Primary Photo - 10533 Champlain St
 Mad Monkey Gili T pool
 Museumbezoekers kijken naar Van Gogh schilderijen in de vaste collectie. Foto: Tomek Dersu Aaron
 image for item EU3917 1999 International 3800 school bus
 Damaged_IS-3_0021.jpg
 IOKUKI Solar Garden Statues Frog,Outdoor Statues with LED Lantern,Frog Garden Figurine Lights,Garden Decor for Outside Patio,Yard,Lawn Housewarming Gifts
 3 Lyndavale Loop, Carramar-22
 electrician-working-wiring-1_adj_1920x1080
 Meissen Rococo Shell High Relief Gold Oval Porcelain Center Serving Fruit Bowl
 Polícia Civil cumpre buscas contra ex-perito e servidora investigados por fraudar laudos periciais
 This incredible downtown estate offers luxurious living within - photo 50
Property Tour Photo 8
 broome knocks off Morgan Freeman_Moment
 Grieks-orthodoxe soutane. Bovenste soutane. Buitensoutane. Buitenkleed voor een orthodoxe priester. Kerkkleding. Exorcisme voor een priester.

= = = =

> _Task to complete_
Would you please repeat the lines from the one with "IOKUKI Solar Garden" through the last line of the listing above, exactly and with nothing else?

> _Solution to this exercise_
 IOKUKI Solar Garden Statues Frog,Outdoor Statues with LED Lantern,Frog Garden Figurine Lights,Garden Decor for Outside Patio,Yard,Lawn Housewarming Gifts
 3 Lyndavale Loop, Carramar-22
 electrician-working-wiring-1_adj_1920x1080
 Meissen Rococo Shell High Relief Gold Oval Porcelain Center Serving Fruit Bowl
 Polícia Civil cumpre buscas contra ex-perito e servidora investigados por fraudar laudos periciais
 This incredible downtown estate offers luxurious living within - photo 50
Property Tour Photo 8
 broome knocks off Morgan Freeman_Moment
 Grieks-orthodoxe soutane. Bovenste soutane. Buitensoutane. Buitenkleed voor een orthodoxe priester. Kerkkleding. Exorcisme voor een priester.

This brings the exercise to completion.